====== RECORDS SUPPLIED
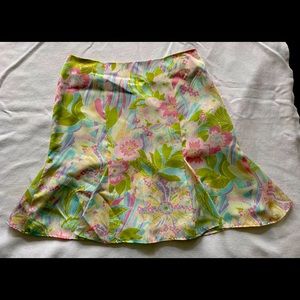 Tori Richard 💯 % silk Skirt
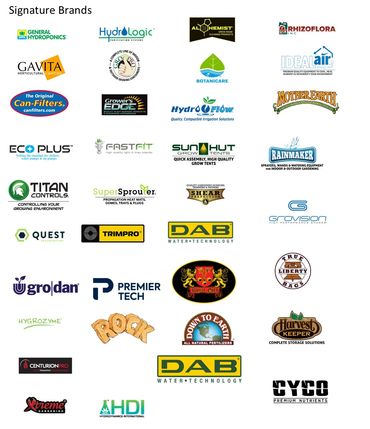 Just a few of our brands.
We have a vast selection of products, tell us what you are looking for!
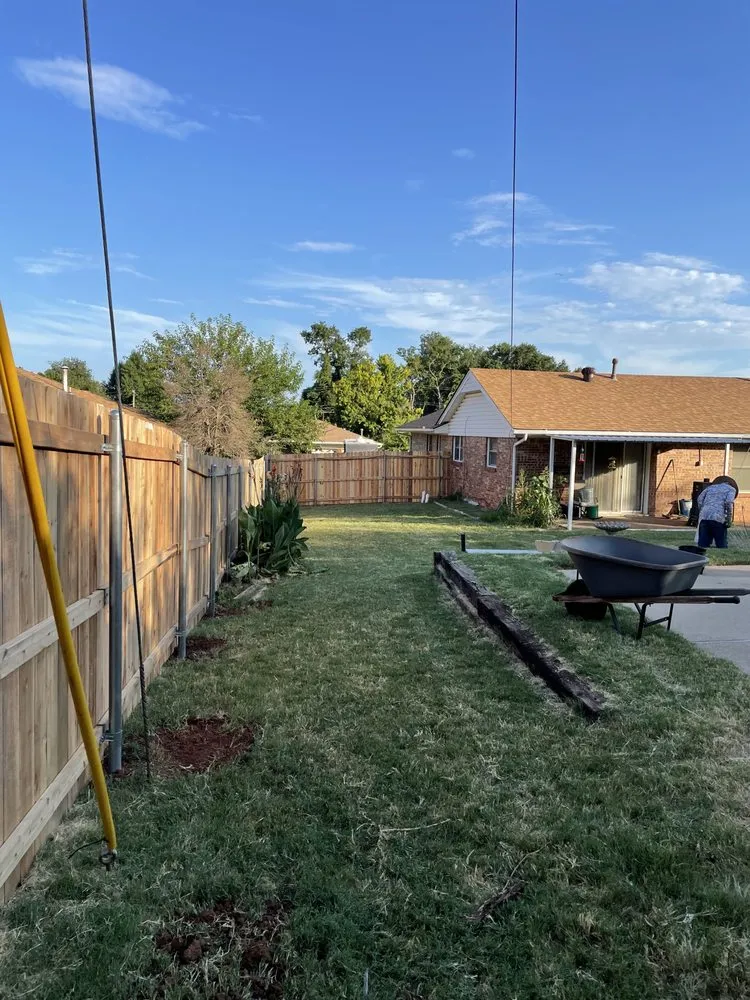 Expert yard cleanup service in Oklahoma City, OK - Chavez Lawn & Fence
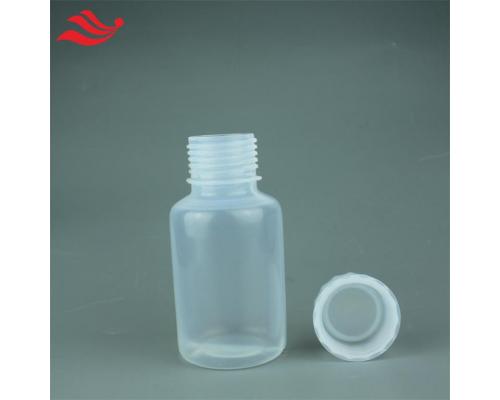 PFA试剂瓶表面光滑PFA高洁净取样瓶耐腐蚀超纯酸储液瓶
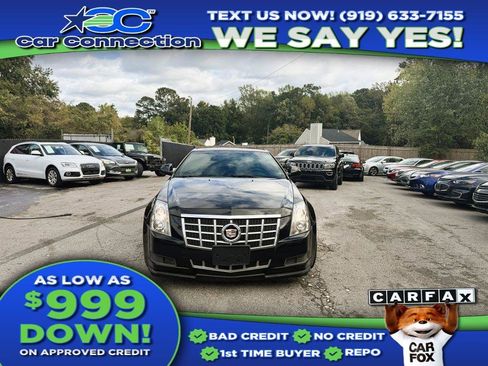 Used 2014 Cadillac CTS AWD Coupe image 2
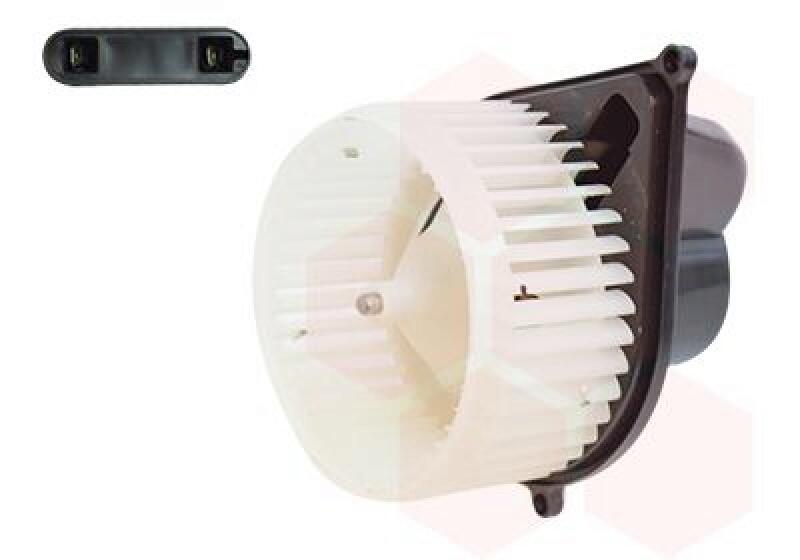 VAN WEZEL Interior Blower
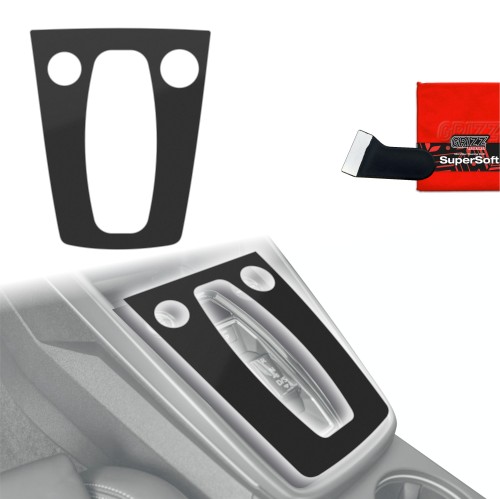 Przejdź do produktu Folia do wnętrza Audi A3 8Y Facelift 2024+ GRIZZ Czarna Antyodciskowa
============
● AIM OF THE TASK:
In the records above, find the line containing "PFA试剂瓶表面光滑PFA高洁净取样瓶耐腐蚀超纯酸储液瓶" and output every line from the first through that one, exactly, omitting pictures.

● ANSWER SPACE:
 Tori Richard 💯 % silk Skirt
 Just a few of our brands.
We have a vast selection of products, tell us what you are looking for!
 Expert yard cleanup service in Oklahoma City, OK - Chavez Lawn & Fence
 PFA试剂瓶表面光滑PFA高洁净取样瓶耐腐蚀超纯酸储液瓶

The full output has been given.